** Task item **
Nothing should appear in the answer except the lines below from the line containing "Ensemble d'ustensiles de" through the line containing "Used 2022 Chevrolet", copied exactly, with pictures left out.

** Exercise data **
*** Begin section ***

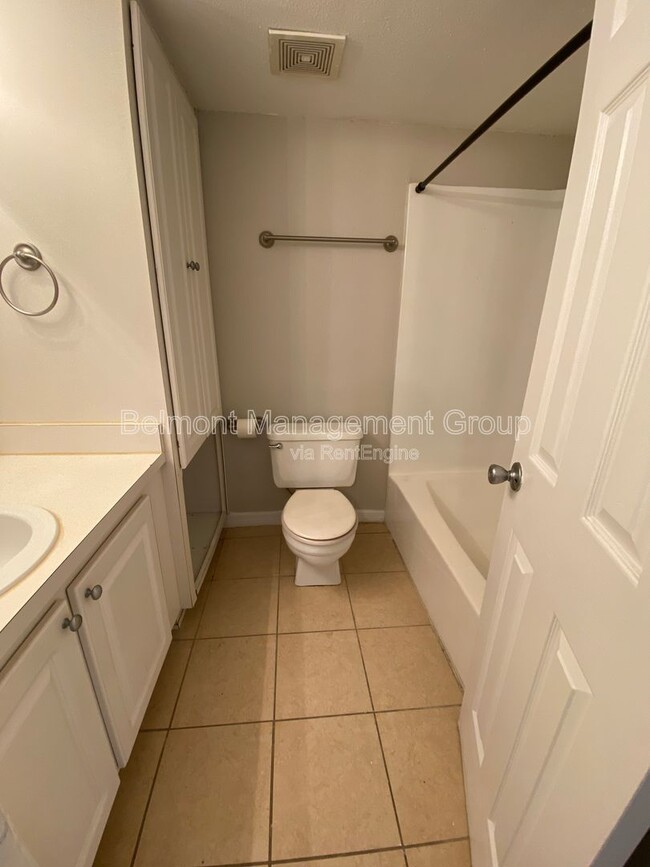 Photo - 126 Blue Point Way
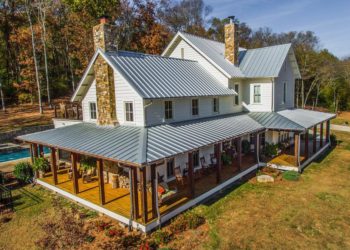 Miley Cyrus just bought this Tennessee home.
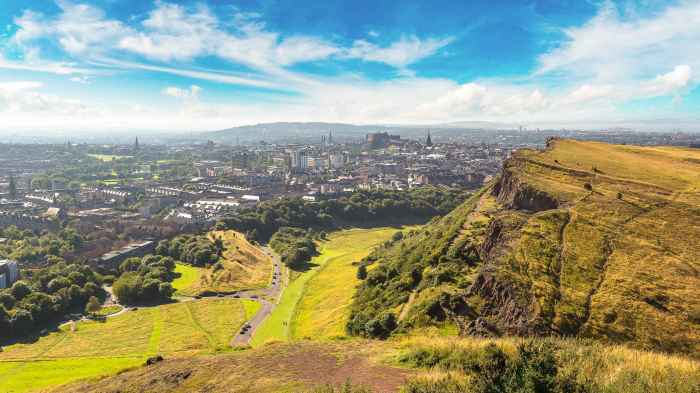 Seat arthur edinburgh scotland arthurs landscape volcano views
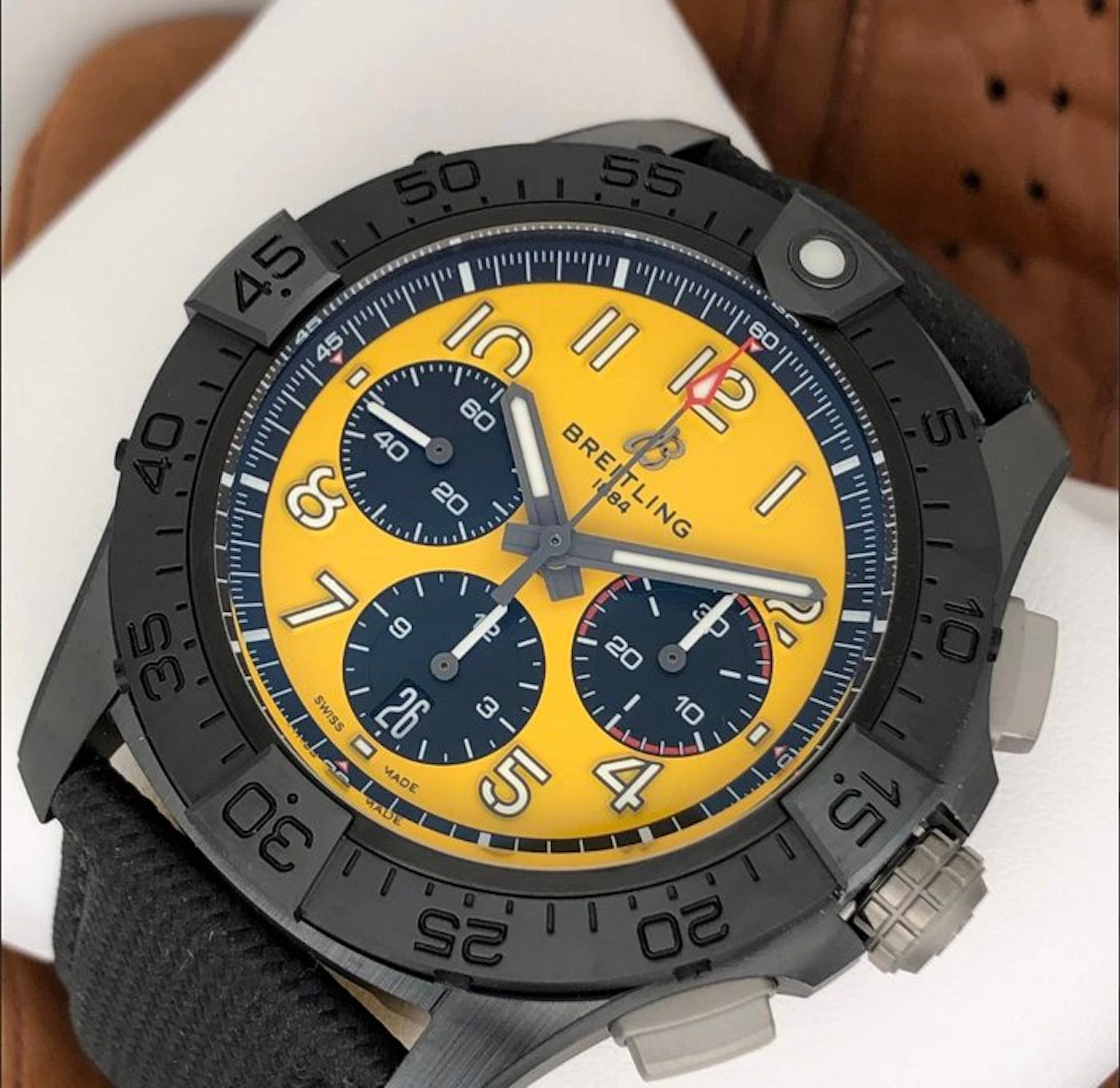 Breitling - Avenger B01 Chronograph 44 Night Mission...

*** End section ***
*** Begin section ***

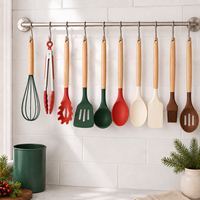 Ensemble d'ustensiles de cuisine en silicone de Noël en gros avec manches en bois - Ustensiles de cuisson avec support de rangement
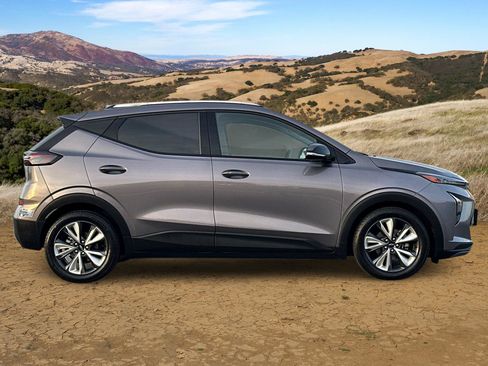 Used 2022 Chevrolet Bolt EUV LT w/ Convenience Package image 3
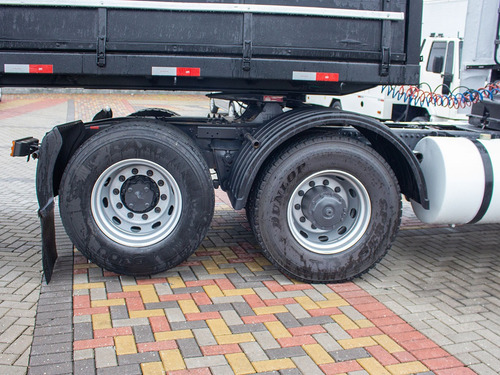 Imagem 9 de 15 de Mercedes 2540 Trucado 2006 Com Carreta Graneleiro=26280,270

*** End section ***
*** Begin section ***

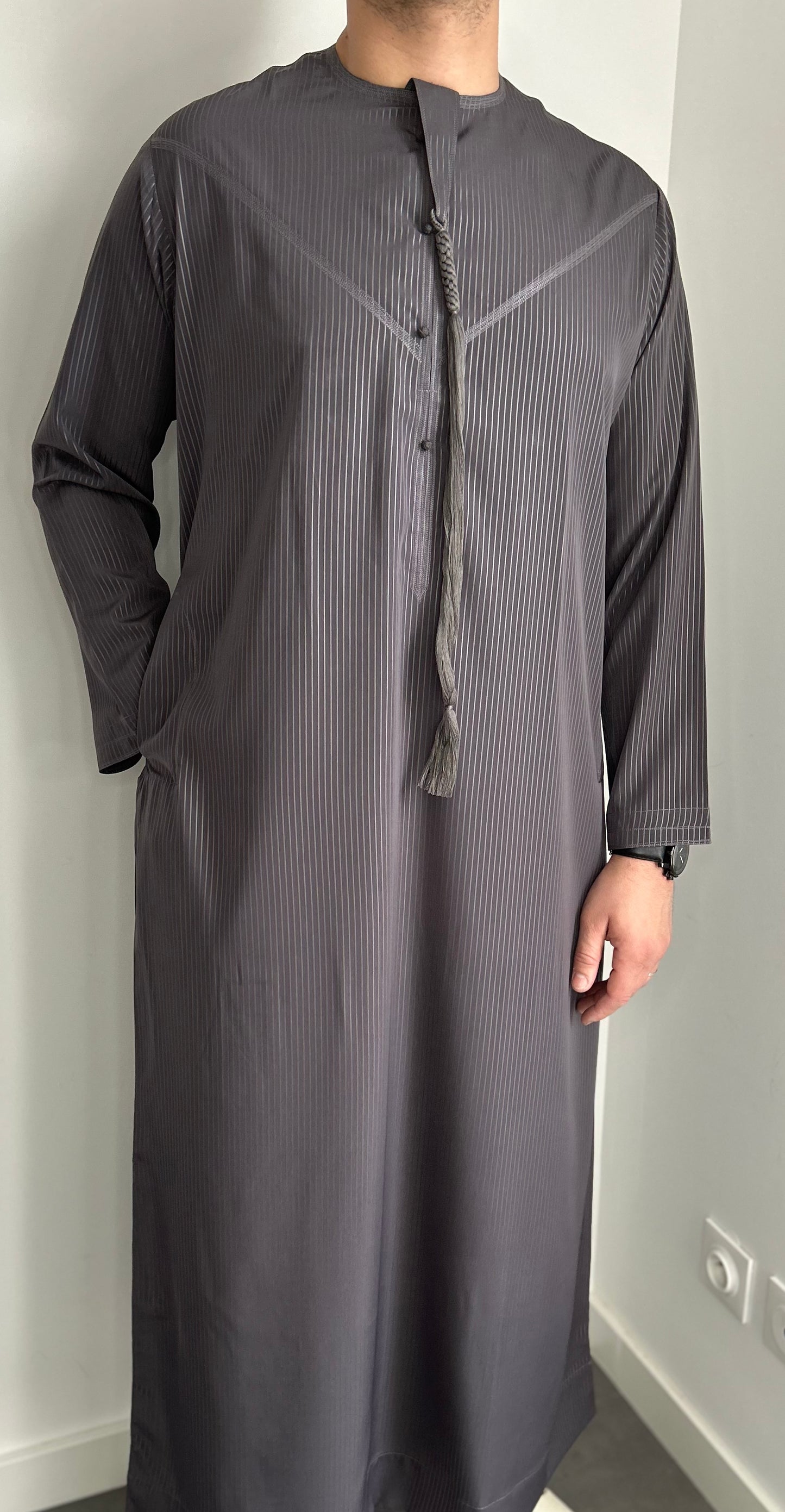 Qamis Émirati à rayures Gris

*** End section ***

** Your solution **
 Ensemble d'ustensiles de cuisine en silicone de Noël en gros avec manches en bois - Ustensiles de cuisson avec support de rangement
 Used 2022 Chevrolet Bolt EUV LT w/ Convenience Package image 3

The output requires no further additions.